**Task:** Pick each line containing the word "foto" out of the data below.

START Provided entries

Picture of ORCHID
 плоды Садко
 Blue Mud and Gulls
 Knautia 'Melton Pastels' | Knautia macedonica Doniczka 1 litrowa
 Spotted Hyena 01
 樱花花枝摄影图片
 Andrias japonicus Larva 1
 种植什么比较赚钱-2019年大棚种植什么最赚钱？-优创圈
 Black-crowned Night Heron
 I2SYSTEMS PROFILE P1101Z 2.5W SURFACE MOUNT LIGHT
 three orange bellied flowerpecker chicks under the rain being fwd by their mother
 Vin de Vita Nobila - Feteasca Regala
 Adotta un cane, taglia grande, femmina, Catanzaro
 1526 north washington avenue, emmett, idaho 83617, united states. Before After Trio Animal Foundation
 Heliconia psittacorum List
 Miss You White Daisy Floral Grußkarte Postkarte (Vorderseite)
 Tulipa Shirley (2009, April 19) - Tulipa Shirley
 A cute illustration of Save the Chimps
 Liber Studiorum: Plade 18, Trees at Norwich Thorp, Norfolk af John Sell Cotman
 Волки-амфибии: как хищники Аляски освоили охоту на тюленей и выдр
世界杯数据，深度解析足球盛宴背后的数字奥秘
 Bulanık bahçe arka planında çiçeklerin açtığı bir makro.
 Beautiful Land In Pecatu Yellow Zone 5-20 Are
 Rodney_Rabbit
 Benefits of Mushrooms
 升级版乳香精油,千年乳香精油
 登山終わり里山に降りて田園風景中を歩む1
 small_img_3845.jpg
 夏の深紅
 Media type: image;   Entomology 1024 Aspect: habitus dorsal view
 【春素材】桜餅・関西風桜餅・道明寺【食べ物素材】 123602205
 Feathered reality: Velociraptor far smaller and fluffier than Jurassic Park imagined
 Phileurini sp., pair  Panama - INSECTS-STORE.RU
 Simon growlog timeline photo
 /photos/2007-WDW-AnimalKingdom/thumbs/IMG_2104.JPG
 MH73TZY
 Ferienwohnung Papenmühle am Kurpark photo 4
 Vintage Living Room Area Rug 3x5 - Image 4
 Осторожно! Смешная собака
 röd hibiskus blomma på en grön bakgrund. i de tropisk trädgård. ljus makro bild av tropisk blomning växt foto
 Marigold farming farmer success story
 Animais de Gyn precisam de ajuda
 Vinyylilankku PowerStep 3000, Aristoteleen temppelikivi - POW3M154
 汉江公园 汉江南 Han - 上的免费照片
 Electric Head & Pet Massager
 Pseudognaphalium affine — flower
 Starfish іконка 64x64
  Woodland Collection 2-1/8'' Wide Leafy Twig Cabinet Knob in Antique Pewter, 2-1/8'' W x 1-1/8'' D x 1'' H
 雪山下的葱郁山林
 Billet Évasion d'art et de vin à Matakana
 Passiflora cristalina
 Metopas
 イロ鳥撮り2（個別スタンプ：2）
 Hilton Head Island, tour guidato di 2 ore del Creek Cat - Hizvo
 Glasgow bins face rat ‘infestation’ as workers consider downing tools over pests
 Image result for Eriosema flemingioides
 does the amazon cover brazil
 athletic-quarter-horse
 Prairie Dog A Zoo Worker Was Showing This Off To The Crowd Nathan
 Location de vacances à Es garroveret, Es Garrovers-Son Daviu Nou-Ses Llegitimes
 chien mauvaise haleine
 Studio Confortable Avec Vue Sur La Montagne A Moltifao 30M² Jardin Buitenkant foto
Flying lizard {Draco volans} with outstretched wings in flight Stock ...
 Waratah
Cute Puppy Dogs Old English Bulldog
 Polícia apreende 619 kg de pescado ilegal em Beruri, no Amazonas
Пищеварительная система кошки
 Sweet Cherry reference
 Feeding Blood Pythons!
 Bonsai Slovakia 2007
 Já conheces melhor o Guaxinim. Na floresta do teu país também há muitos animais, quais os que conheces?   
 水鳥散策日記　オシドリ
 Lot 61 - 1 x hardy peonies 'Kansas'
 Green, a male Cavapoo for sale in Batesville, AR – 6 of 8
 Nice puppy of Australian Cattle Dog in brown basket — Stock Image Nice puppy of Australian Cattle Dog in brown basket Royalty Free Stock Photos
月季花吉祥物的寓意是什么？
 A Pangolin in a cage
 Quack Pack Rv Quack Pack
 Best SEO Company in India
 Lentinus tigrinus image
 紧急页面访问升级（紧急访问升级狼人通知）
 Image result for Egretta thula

END Provided entries

**Response to this exercise:**
 röd hibiskus blomma på en grön bakgrund. i de tropisk trädgård. ljus makro bild av tropisk blomning växt foto
 Studio Confortable Avec Vue Sur La Montagne A Moltifao 30M² Jardin Buitenkant foto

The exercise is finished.